#### About this exercise:
Take the data below and extract the lines from the one with "Chart showing most" to the one with "Toyota Bluetooth hands", inclusive, exactly as written.

#### Dataset excerpts:
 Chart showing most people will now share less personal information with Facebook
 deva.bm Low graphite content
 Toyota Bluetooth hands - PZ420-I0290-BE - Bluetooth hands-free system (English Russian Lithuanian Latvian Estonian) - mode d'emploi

---

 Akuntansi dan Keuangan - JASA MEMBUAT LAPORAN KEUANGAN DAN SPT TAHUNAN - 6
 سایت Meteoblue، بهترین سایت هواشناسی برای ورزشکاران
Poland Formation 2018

* * *

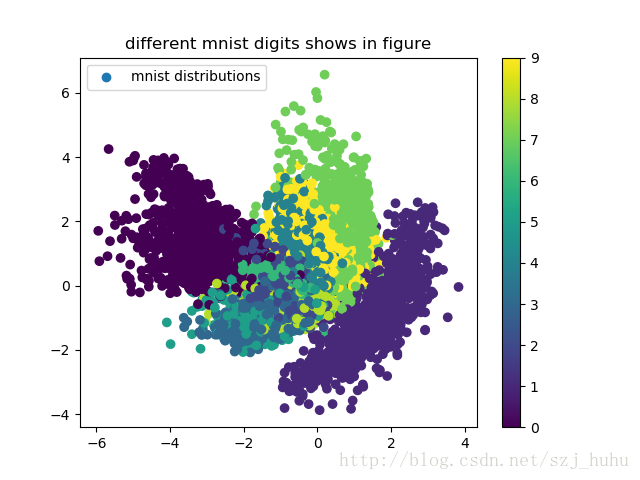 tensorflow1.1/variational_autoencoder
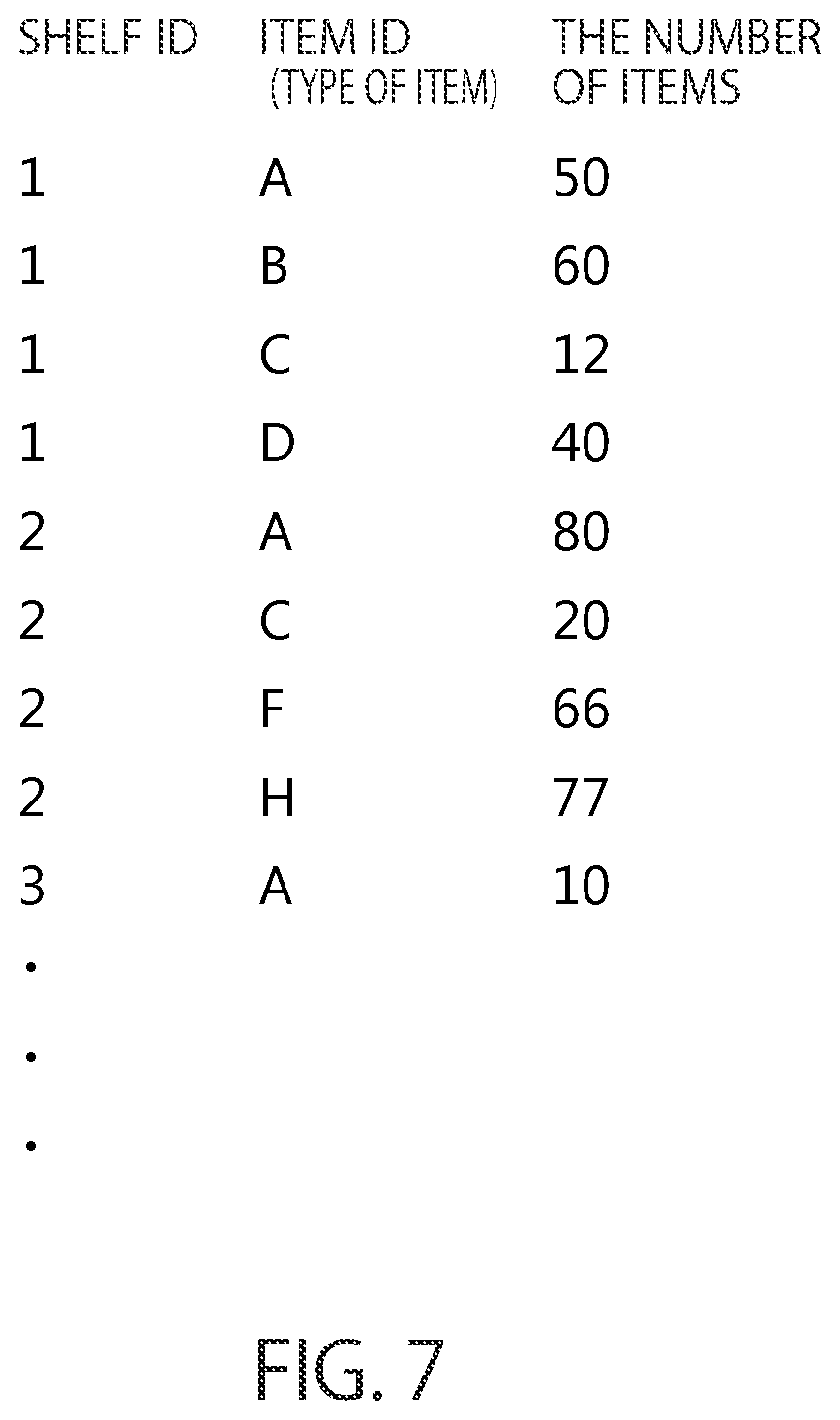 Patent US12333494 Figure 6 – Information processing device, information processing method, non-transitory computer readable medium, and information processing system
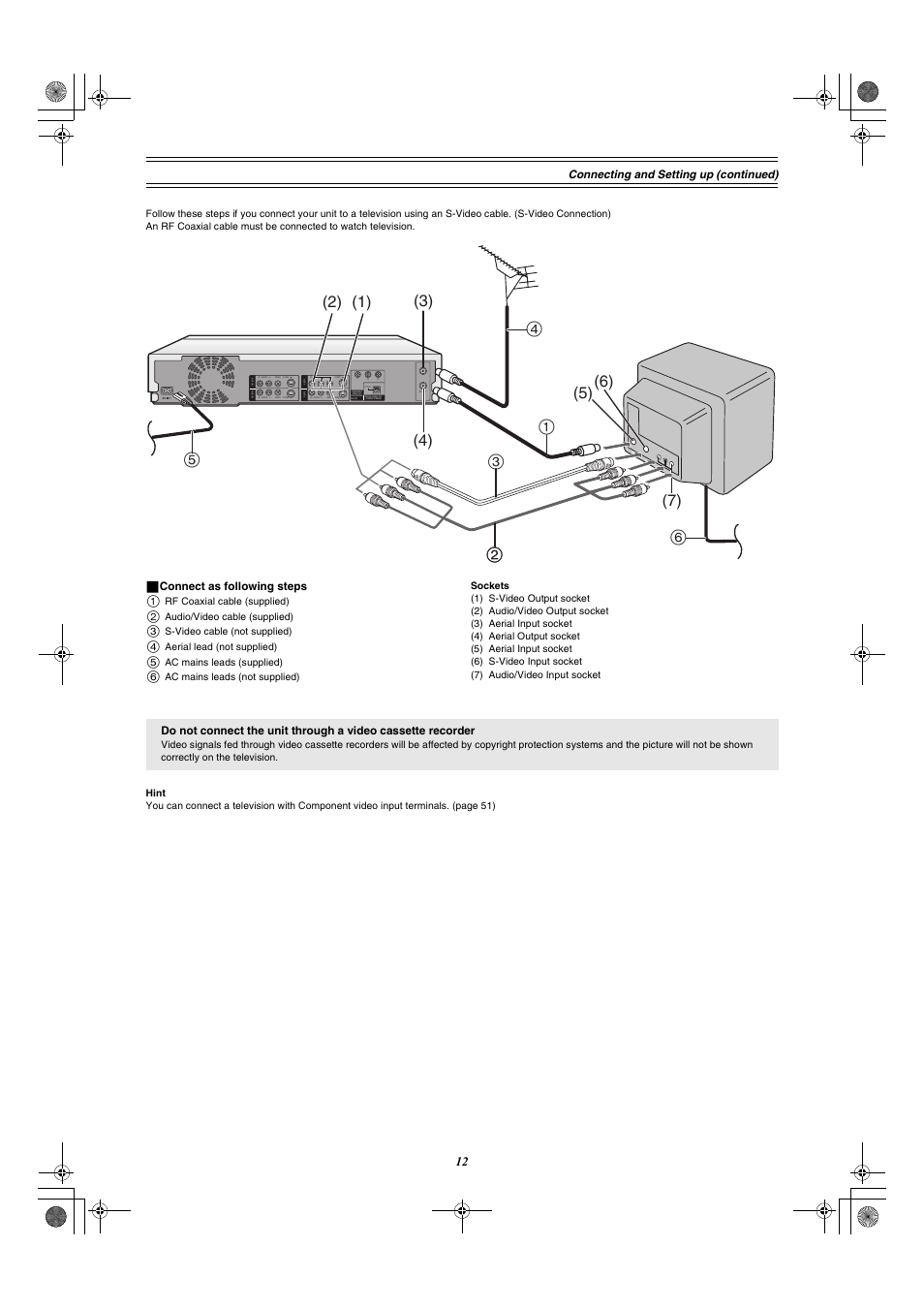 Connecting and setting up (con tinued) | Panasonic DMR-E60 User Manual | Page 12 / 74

#### Exercise response:
 Chart showing most people will now share less personal information with Facebook
 deva.bm Low graphite content
 Toyota Bluetooth hands - PZ420-I0290-BE - Bluetooth hands-free system (English Russian Lithuanian Latvian Estonian) - mode d'emploi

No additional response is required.